**Data segment**
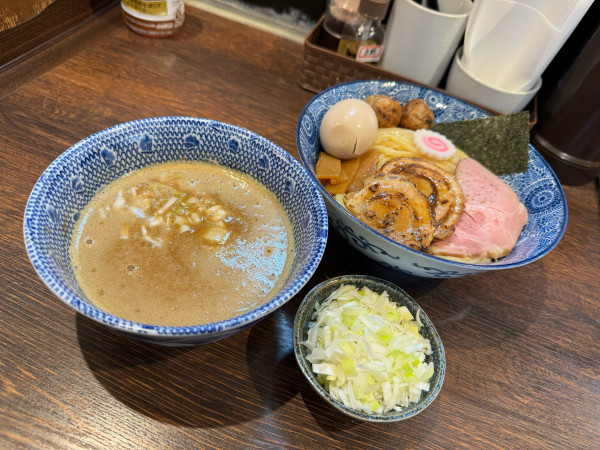 「つけめん並（濃厚鶏豚骨魚介）」@麺処はなぶさの写真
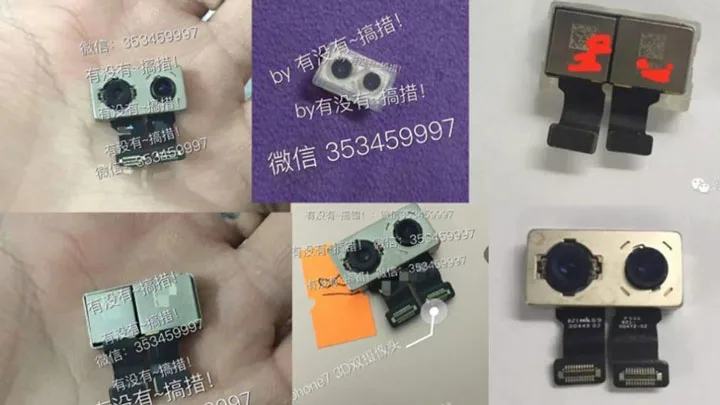 iPhone 7泄露图配有双摄像头 暗示苹果的虚拟现实野心
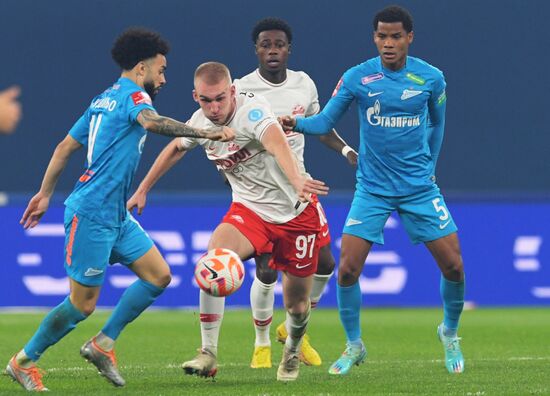 Russia Soccer Cup Zenit - Spartak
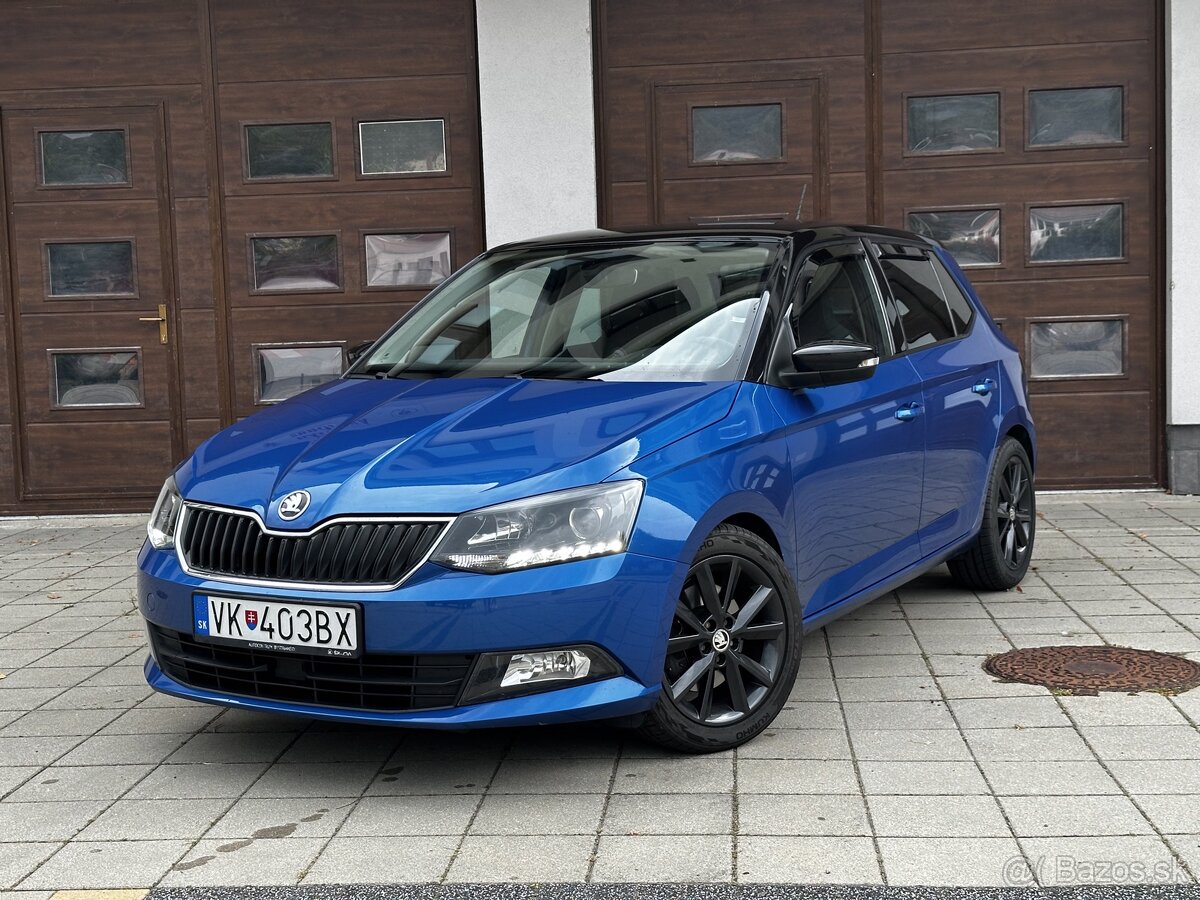 Škoda Fabia 1.2 tsi 81kw Tour the France 2016/10 104.tis.km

**Exercise aim**
Would you restate the listing word for word without its pictures?

**Exercise result**
 「つけめん並（濃厚鶏豚骨魚介）」@麺処はなぶさの写真
 iPhone 7泄露图配有双摄像头 暗示苹果的虚拟现实野心
 Russia Soccer Cup Zenit - Spartak
 Škoda Fabia 1.2 tsi 81kw Tour the France 2016/10 104.tis.km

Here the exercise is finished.